In my last column in the August 2012 issue of Dealer magazine “So Ya Wanna be a Technician,” I provided a dose of technician reality for the unwashed. “Technicianing,” fortunately for you Mr./Ms. Manager, is a type of physical and mental addiction, even if the consequences for the doer aren’t always favorable. As I noted previously, technicians don’t receive much management or appreciation for that matter, and as a result, the rotten apples fit right in with the good ones – something that obviously antagonizes the P out of me.
I have been asking this poignant question in many of my management workshops of late, “What is the number one motivator of people?” Of course, “money” is espoused with regularity, I guess to no one’s surprise. The answer, which deep down you know cause you are likely people too, is “Recognition” – negative or positive. Psychologists tell us that juveniles with so much metal in their faces that they can’t get near a magnet for fear of being stuck that way for life, are a result of attention. Yep, but the negative kind, not the positive kind. The bottom line is that these minions didn’t receive attention for committing positive behavior, so they reverted to metal fragment facial inserts (MFFI) and viola everyone recognizes. Job well done I must say.
I had the wonderful opportunity to begin my technician apprenticeship under a European service manager who understood the concept of attention. Every day, without fail, he visited every tech first thing in the AM to take our pulses. “How ya doing? Sleep good? Ready to turn 12 hours today? Good breakfast? Great day yesterday – thanks. Oh, the Jag in your stall is missing at about 110 miles per hour – needs a road test.” See the addiction part now?
Later I discovered that he understood our business model well: a piece of cement. Whatever activity occurred on each piece of cement each day determined how profitable or not the shop would be. Consequently he made sure a vehicle and a repair order were available when we arrived so that we could honor his hard and fast rule when clocking – RO in one hand, attendance card in the other. No lost time – he treated lost time like a mortal sin; unlike the venial sin for not washing your hands ten times a day (tech gloves weren’t invented and only sissies back then would wear them anyway).
Management communication with techs is available in two distinct practices, informal and formal. The informal ones are the daily temperature readings at the stalls (at least twice), and the formal communication in full shop or team meetings. The informal conversations are more random, personal, and individualized, while effective group meetings are agenda-driven and focused on a specific result. BTW, suddenly calling your commission-based gang together to nitpick about Fred’s stupid actions isn’t constructive for you, them or Fred. Stop that waste of time.

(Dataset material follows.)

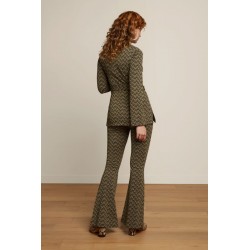 BLUSA Heloisa Tunic Top Facet KING LOUIE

On the formal side, the need here is extraordinary. First let me opine about policy and procedures. Unfortunately, today’s run-of-the-mill service manager isn’t technical, and usually doesn’t bother to study up on any facets of that trade either. Consequently, way too many technicians are running their own gigs, not always in the best interest of the customer or the business. As a result, clueless executives have crap work going on right under their noses, which is negatively influencing all the virtuous techs. My least favorite instance of abject neglect is watching unworthy specialists utilizing overly powerful air/electric guns to over-torque wheels in a freakin’ circle – too much NASCAR. Besides warping the hubs, and stressing the lugs to snap pressure, it sets the customer up for the inability to get the wheel off if a flat tire occurred. In my own shop recently, I personally had to put a pipe on a breaker bar to remove a wheel which had been mounted in a local Toyota dealership utilizing “factory trained technicians” only days before. Grrr.
What to do?
If you don’t have tech teams with quality foremen supervising the show, at minimum assign an overall shop foreman/trainer at least part time. Give this champion $.25 an hour or so for all the hours produced and ask him/her to supervise “quality” performance, including reporting missteps to management. I realize many shops can’t afford a full-time foreman, but make your go-to tech a performance monitor at least. The quality techs will appreciate it – they are sick of duds continuing to be allowed to desecrate customer vehicles.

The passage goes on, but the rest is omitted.